Another possible goal might be based on the time since vaccines became readily available: After two months of widespread vaccine availability (to allow people to get two shots and let them take effect), restrictions could ease.
These goals aren’t exclusive to one another, and could be tracked together.
But first, US leaders have to make their goals clear. From the start of the pandemic to now, that hasn’t been the case — and it’s made any light at the end of the tunnel harder to see.
There’s still racial discrimination in housing
A new working paper published by the National Bureau of Economic Research investigated whether there’s racial discrimination in housing — and found evidence that there is still significant levels of racist actions.

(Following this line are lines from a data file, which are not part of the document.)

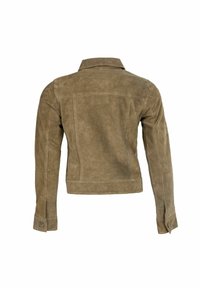 Wildlederjacke in einem gedämpften Olivton, mit klassischem Kragen, langen Ärmeln und tailliertem Schnitt sowie dezenten Ziernähten.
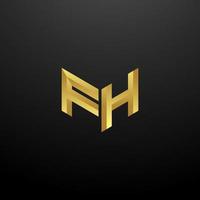 FH Logo Monogram Letter Initials Design Template with Gold 3d texture vector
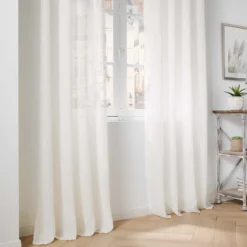 Firanka na przelotkach HALTONA NATURAL, 140 x 280 cm, efekt lnu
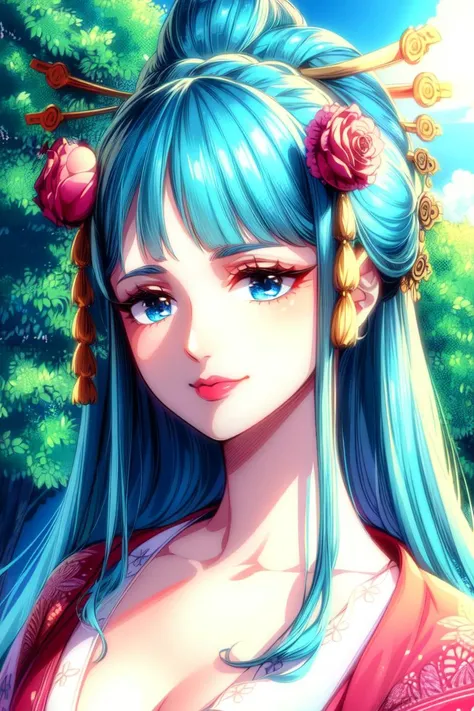 (((ultra detailed background, delicate pattern, intricate detail, highly detailed, fine details))), best quality, ((medium breasts, slim girl)), KozukiHiyori, 1girl, solo, hair ornament, closed mouth, hair flower, japanese clothes, makeup, kimono, lipstick, aqua hair, blue eyes, long hair, hair stick, smile, kanzashi, ((complex detailed background, blue sky, nature environment, close-up, portrait, clear face)), <lora:DetailTweaker:0.5>, <lora:KozukiHiyoriTest:0.7>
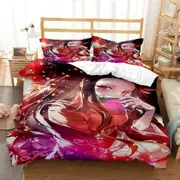v2703 Bed Sheets Hot Anime Demon Slayer Bedding Set Japanese Cartoon Bed Linen x Teens Girls Twin Single Queen King Full Duvet Cover Sets 3-Piece Bedd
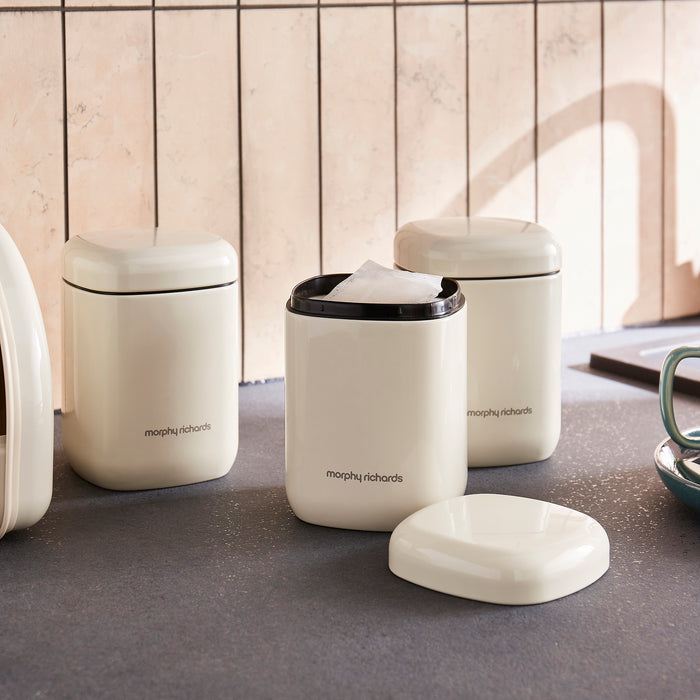 Opened canister with tea bags inside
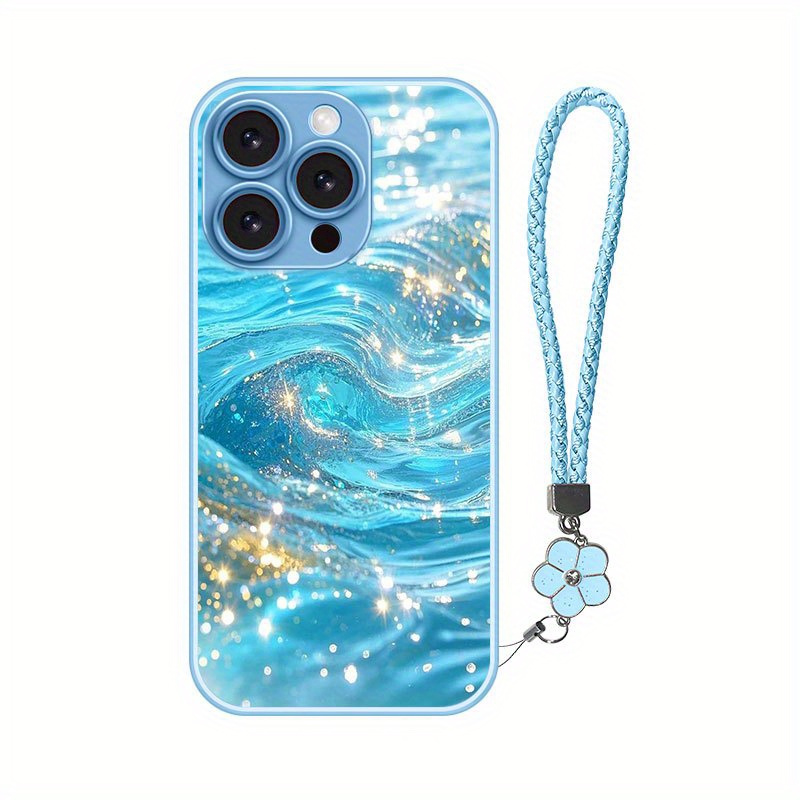 TEMU Shimmering Metal Paint Glass Phone Case With Lanyard For Iphone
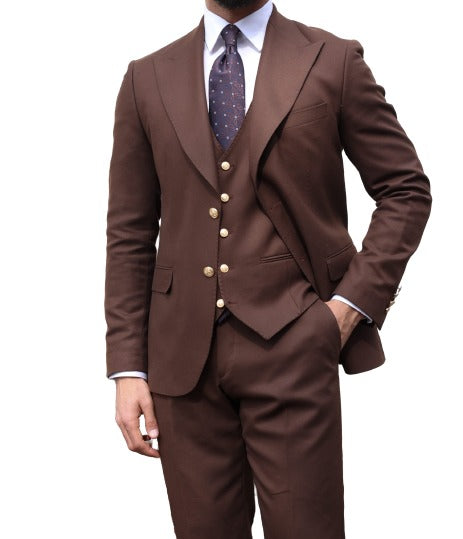 Elegant Men's Chocolate Dark Brown 3 ~ Three Piece Cheap Priced Business Suits Clearance Sale Available in 2 or 3 Buttons Style Regular - mensusa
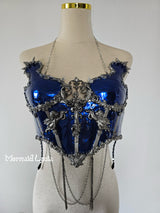 Royal Blue Silver Edges Marble Resin Corset Bra Top Costume Patent-Protected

For the study, researchers Peter Christensen, Ignacio Sarmiento-Barbieri, and Christopher Timmins used a bot to send correspondences to property managers in the 50 largest US cities. Posing as renters, they used names that invoked associations with racial and ethnic groups: white, Black, or Hispanic. They then gauged if names associated with each group received different response rates.
Sure enough, there were significant differences: Response rates were 9.3 percent lower for Black renters, and 4.6 percent lower for Hispanic renters. Black renters faced higher levels of discrimination in the Midwest and Northeast, while Hispanic renters faced higher levels of discrimination in the Northeast and South.
The three worst cities for Black renters: Chicago, Los Angeles, and Louisville, Kentucky. And for Hispanic renters: Louisville, Houston, and Providence, Rhode Island. (Yes, Louisville is on both lists.)
The researchers noted that “non-response to a renter of color corresponds to a 40.2% reduction in the probability of a subsequent lease by a renter of color” — meaning this does translate to a reduced likelihood of a renter living at a property. More broadly, this trend contributes to racial segregation and inequality, since housing is a crucial ingredient to economic prosperity in America.